Dodji Seketeli Oct. 28, 2022, 3:13 p.m. UTC | #2
Hello Giuliano,

Giuliano Procida <gprocida@google.com> a écrit:

> Self-reply.
>
> On Thu, 27 Oct 2022 at 15:09, Giuliano Procida <gprocida@google.com> wrote:
>>
>> MODVERSIONS CRCs are 32-bit hashes of strings representing C type
>> elements or typed symbols. The hash is calculated using a 32-bit CRC,
>> hence the name. The kernel module loading code (implicitly) truncates
>> any provided CRC value to 32 bits before comparing it with anything.
>>
>> When support was added to libabigail, values up to 64 bits wide were
>> supported.
>
> True so far.
>
>> Recently, Linux kernel builds have now started generating
>> ELF CRC symbols with 64-bit values (where the low 32 bits are the
>> CRC). Together this has resulted in incorrect CRCs in ABIs.
>
> The actual problem is a change to how CRCs are emitted in kernel objects.
> I think the change 7b4537199a4a8480b8c3ba37a2d44765ce76cd9b was
> responsible.
>
>> This change resolves the problem by narrowing libabigail's concept of
>> Linux CRC to 32 bits. No tests are affected.
>
> The representation change is fine. The problem with bad CRCs is still
> there.

The changes look good to me.  Do you want me to apply it right now, or
do you prefer to send a subsequent patch that addresses the new way how
CRCs are emitted in kernel object?

I am fine with either way. 

[...]

Cheers,
  
Giuliano Procida Oct. 28, 2022, 4:08 p.m. UTC | #3
Hi Dodji.

On Fri, 28 Oct 2022 at 16:13, Dodji Seketeli <dodji@seketeli.org> wrote:
>
> Hello Giuliano,
>
> Giuliano Procida <gprocida@google.com> a écrit:
>
> > Self-reply.
> >
> > On Thu, 27 Oct 2022 at 15:09, Giuliano Procida <gprocida@google.com> wrote:
> >>
> >> MODVERSIONS CRCs are 32-bit hashes of strings representing C type
> >> elements or typed symbols. The hash is calculated using a 32-bit CRC,
> >> hence the name. The kernel module loading code (implicitly) truncates
> >> any provided CRC value to 32 bits before comparing it with anything.
> >>
> >> When support was added to libabigail, values up to 64 bits wide were
> >> supported.
> >
> > True so far.
> >
> >> Recently, Linux kernel builds have now started generating
> >> ELF CRC symbols with 64-bit values (where the low 32 bits are the
> >> CRC). Together this has resulted in incorrect CRCs in ABIs.
> >
> > The actual problem is a change to how CRCs are emitted in kernel objects.
> > I think the change 7b4537199a4a8480b8c3ba37a2d44765ce76cd9b was
> > responsible.
> >
> >> This change resolves the problem by narrowing libabigail's concept of
> >> Linux CRC to 32 bits. No tests are affected.
> >
> > The representation change is fine. The problem with bad CRCs is still
> > there.
>
> The changes look good to me.  Do you want me to apply it right now, or
> do you prefer to send a subsequent patch that addresses the new way how
> CRCs are emitted in kernel object?

I'm happy for the change to go in. However, the commit message text
should be updated. I would make it:

--

MODVERSIONS CRCs are 32-bit hashes of strings representing C type
elements or typed symbols. The hashes are calculated using a 32-bit CRC,
hence the name. The kernel module loading code (implicitly) truncates
any provided CRC value to 32 bits before comparing it with anything.

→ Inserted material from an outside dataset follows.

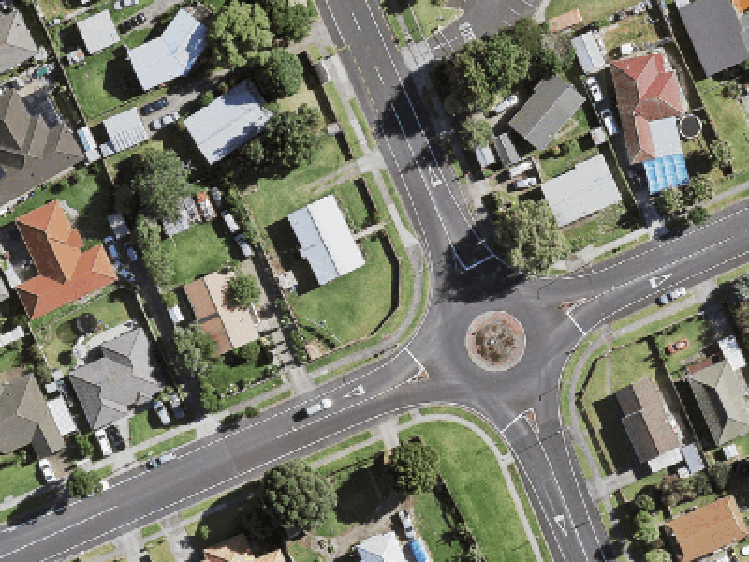 235a Finlayson Avenue_0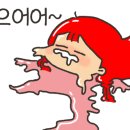 미카도스시동탄카림애비뉴점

When support was added to libabigail, values up to 64 bits wide were
supported. This change narrows libabigail's concept of Linux CRC to 32
bits. No tests are affected.

--

I'm not sure when we'll get around to updating the symtab reader. It'll
probably not be done by me. As I understand things, there are
something like 3 or 4 different encodings of CRCs depending on the
kernel version and architecture (and that's ignoring endianness issues).

Matthias has even suggested it might be better (more reliable) just reading
CRCs from Modules.symvers instead. However, that would require more
integration into build scripts etc.

> I am fine with either way.
>
> [...]
>
> Cheers,
>
> --
>                 Dodji
>
> --
> To unsubscribe from this group and stop receiving emails from it, send an email to kernel-team+unsubscribe@android.com.
>
  
Dodji Seketeli Nov. 17, 2022, 10:13 a.m. UTC | #4
Hello,

[...]

On Fri, 28 Oct 2022 at 16:13, Dodji Seketeli <dodji@seketeli.org> wrote:

>> The changes look good to me.  Do you want me to apply it right now, or
>> do you prefer to send a subsequent patch that addresses the new way how
>> CRCs are emitted in kernel object?

Giuliano Procida <gprocida@google.com> a écrit:

> I'm happy for the change to go in. However, the commit message text
> should be updated. I would make it:
>
> --
>
> MODVERSIONS CRCs are 32-bit hashes of strings representing C type
> elements or typed symbols. The hashes are calculated using a 32-bit CRC,
> hence the name. The kernel module loading code (implicitly) truncates
> any provided CRC value to 32 bits before comparing it with anything.
>
> When support was added to libabigail, values up to 64 bits wide were
> supported. This change narrows libabigail's concept of Linux CRC to 32
> bits. No tests are affected.
>
> --
>
> I'm not sure when we'll get around to updating the symtab reader. It'll
> probably not be done by me. As I understand things, there are
> something like 3 or 4 different encodings of CRCs depending on the
> kernel version and architecture (and that's ignoring endianness issues).
>
> Matthias has even suggested it might be better (more reliable) just reading
> CRCs from Modules.symvers instead. However, that would require more
> integration into build scripts etc.

This felt through the cracks on my end, sorry about that.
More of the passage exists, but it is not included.